The image of the former leader in a defendant’s cage “sent a strong message, on live TV for all of Sudan to see, that we are on the route toward justice”, said Sarah Abdel-Jaleel, a spokeswoman for the protest organisers.
But in the view of many demonstrators, Abdel-Jaleel added, “al-Bashir has not been held to account.”
Amnesty also called on the new government to hold security forces accountable for killing many people in their efforts to stifle protests against military rule, especially those behind a deadly crackdown on a huge sit-in outside military headquarters in the capital, Khartoum, in June. More than 120 were killed.
The government recently appointed independent judges to oversee investigations into the killings, a major achievement for the protest movement.
But even the most high-profile cases have shown no signs of official action, said Amnesty’s Sudan researcher, Ahmed Elzobier.

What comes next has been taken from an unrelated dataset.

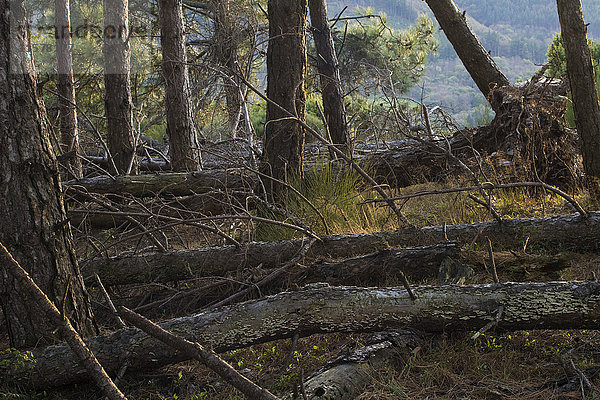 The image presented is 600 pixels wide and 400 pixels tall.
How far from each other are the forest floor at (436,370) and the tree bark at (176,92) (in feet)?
14.4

Families still find it difficult to bring cases against security officers, he added.
Al-Bashir is also wanted by the International Criminal Court on charges of genocide, war crimes and crimes against humanity.
The accusations relate to his role in the Darfur war that broke out in 2003 when ethnic minority rebels took up arms against his Arab-dominated government, which they accused of marginalising the region.
Sudan is under heavy international and regional pressure to reform. With the economy on the brink, the new government has made it a mission to get Sudan removed from the United States’s list of state sponsors of terrorism so it can attract badly needed foreign aid.
Many pro-democracy protesters say the revolution remains unfinished. Poverty, high prices and resource shortages that catalysed the original uprising continue to fuel frustration.
“We’re looking at a deep state that for 30 years has been plagued by corruption and economic crisis,” said Abdel-Jaleel.
“But if the nation is given an opportunity to achieve democracy and development and peace, that will be an achievement for the world, not just for Sudan.”